When thinking of a Uganda safari, gorilla trekking springs immediately to mind. However there is more to discover on a holiday to this fascinating country. Uganda has three sites with UNESCO World Heritage status, two are natural listings – the Bwindi Impenetrable Forest and Rwenzori Mountains National Parks, and one is a cultural listing – the Tombs of Buganda Kings at Kasubi. Furthermore, there are five more locations that are on the tentative list – making Uganda a fascinating destination for safari holidays with a difference.

Bwindi Impenetrable National Park– Located in south-western Uganda, Bwindi Impenetrable Forest was given UNESCO World Heritage listing in 2004. This park is known for its biodiversity with a wide range of endemic species of flora and fauna, and it is also home to almost half of the remaining mountain gorilla – a species that is critically endangered. As the home of the mountain gorilla, Bwindi receives many visitors each year who are on a Uganda safari.
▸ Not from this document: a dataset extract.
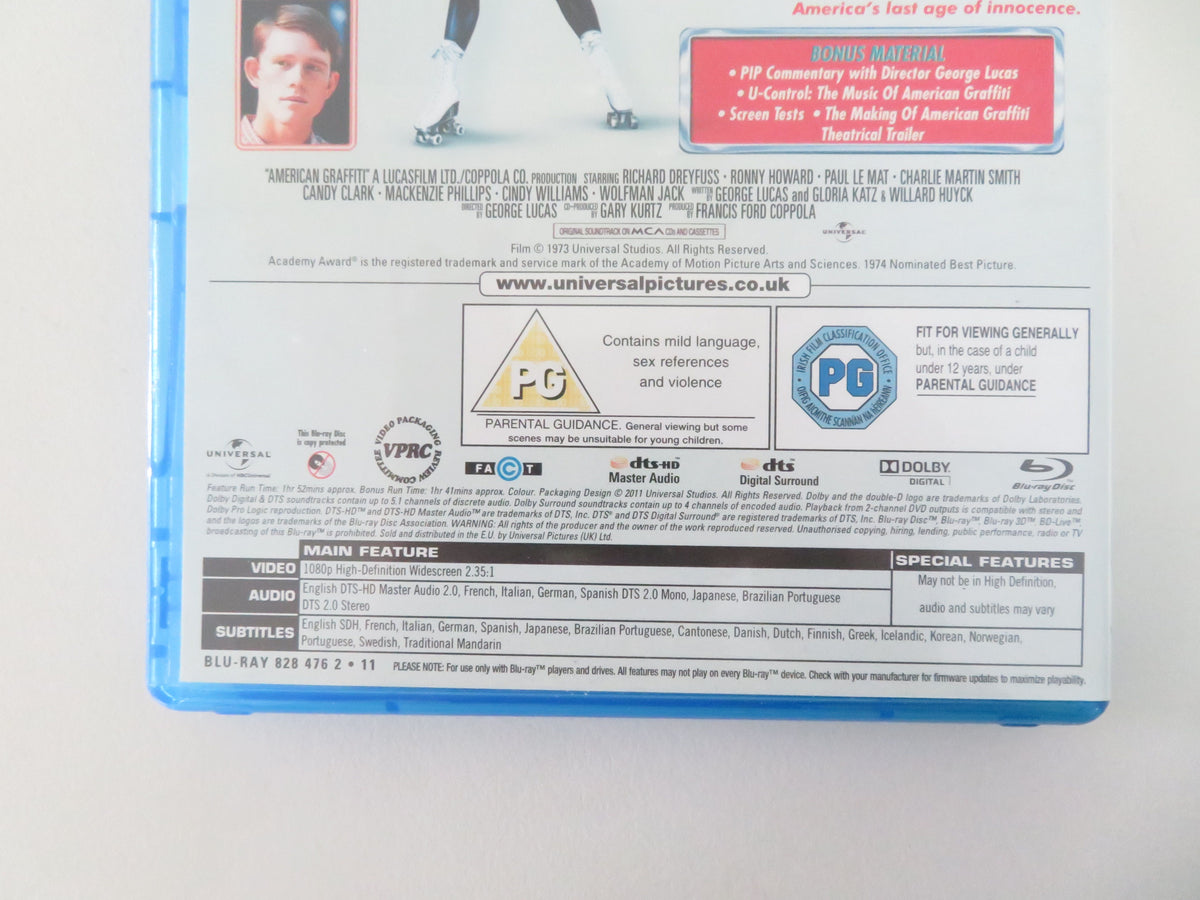 American Graffiti (BLU-RAY) Richard Dreyfuss Ron Howard 1973 Region Free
However if you choose your safari holidays in this part of Uganda, don't miss out on discovering other areas of the forest including sightings of over 347 species of forest birds and other animals including chimpanzee, elephant, the colourful Shelley's crimson-wing (species of bird) and numerous butterflies.
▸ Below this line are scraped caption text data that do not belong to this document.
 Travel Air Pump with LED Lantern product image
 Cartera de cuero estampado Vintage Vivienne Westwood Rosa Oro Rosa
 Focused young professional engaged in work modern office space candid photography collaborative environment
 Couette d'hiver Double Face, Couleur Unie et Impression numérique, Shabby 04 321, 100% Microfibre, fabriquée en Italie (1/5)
Rwenzori Mountains National Park– An alternative park that is worth visiting on Uganda safari holidays is the Rwenzori Mountains National Park in western Uganda, home to Africa's third highest peak, Mount Margherita, as well as many glaciers, waterfalls and lakes. This park was listed with UNESCO in 2004 due to its significance as the home of some of the richest mountain flora in Africa. With the combination of constant temperatures, humidity and high isolation, there is a wide variety of species including 'Africa's botanical big game' – giant lobelias, groundsels and heathers.
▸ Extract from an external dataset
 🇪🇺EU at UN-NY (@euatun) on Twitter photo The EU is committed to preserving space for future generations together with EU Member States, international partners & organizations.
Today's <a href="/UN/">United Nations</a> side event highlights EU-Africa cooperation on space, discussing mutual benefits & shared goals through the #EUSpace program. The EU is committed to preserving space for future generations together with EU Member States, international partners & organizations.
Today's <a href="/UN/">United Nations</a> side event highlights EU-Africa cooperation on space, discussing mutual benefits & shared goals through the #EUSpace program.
Tombs of Buganda at Kasubi– A more unusual entry to the UNESCO World Heritage List, these tombs cover an area of almost 30 hectares of hillside in the Kampala district and were listed in 2001. The site is used for frequent rituals and is the most religious place for Baganda culture. In addition, the large thatched building in the centre houses the tombs for the previous four kings (Kabakas), making it the best example of a Baganda palace and burial site existing today. The main tomb building is circular in shape and topped with a dome featuring outstanding detail and a similar building has been in this place since the 13th Century. These structures, and the associated traditional practices, depict a continuity of living tradition and the site serves as an important cultural symbol, not only for Uganda but for East Africa as a whole.

So when planning your Uganda safari, make sure to include at least one of these UNESCO World Heritage sites – they are sure to make your safari holiday that little bit different.